WHAT NEEDS TO BE DONE: Without any of the pictures, print every record below exactly.

INFORMATION:
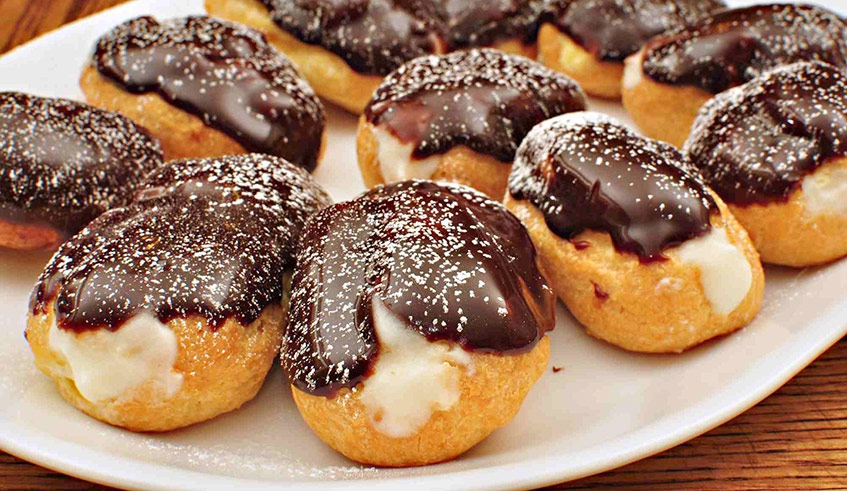 São oferecidos cursos de culinária árabe, éclair (bomba de creme), confecção de lençóis, petit fours, arranjos de mesa para festa, risoto e pizza (Foto: Divulgação).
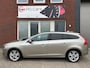 Volvo V60 / Navi / Leder / PDC / Cruise / AUT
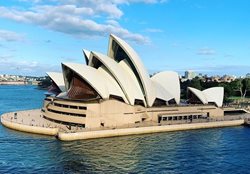 خانه اپرای سیدنی یکی از جاذبه های گردشگری استرالیا به شمار می رود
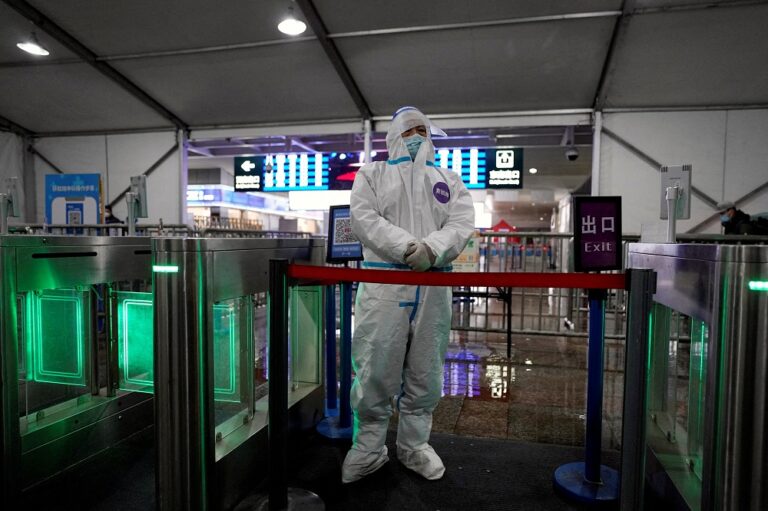 Report: China holiday travel slumps after Covid-19 outbreaks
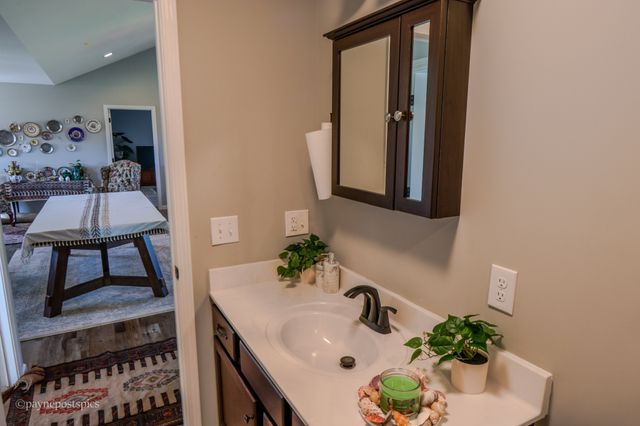 381 Bethany Rd, Mcminnville, TN 37110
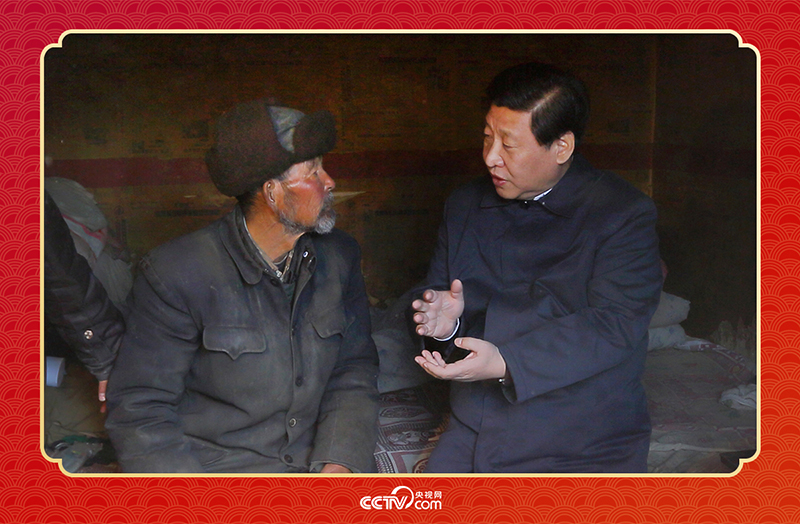 2013年2月3日，習近平總書記和甘肅省定西市渭源縣元古堆村八旬老黨員馬崗親切交談，了解當?shù)厣a(chǎn)生活情況。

TASK ANSWER:
 São oferecidos cursos de culinária árabe, éclair (bomba de creme), confecção de lençóis, petit fours, arranjos de mesa para festa, risoto e pizza (Foto: Divulgação).
 Volvo V60 / Navi / Leder / PDC / Cruise / AUT
 خانه اپرای سیدنی یکی از جاذبه های گردشگری استرالیا به شمار می رود
 Report: China holiday travel slumps after Covid-19 outbreaks
 381 Bethany Rd, Mcminnville, TN 37110
 2013年2月3日，習近平總書記和甘肅省定西市渭源縣元古堆村八旬老黨員馬崗親切交談，了解當?shù)厣a(chǎn)生活情況。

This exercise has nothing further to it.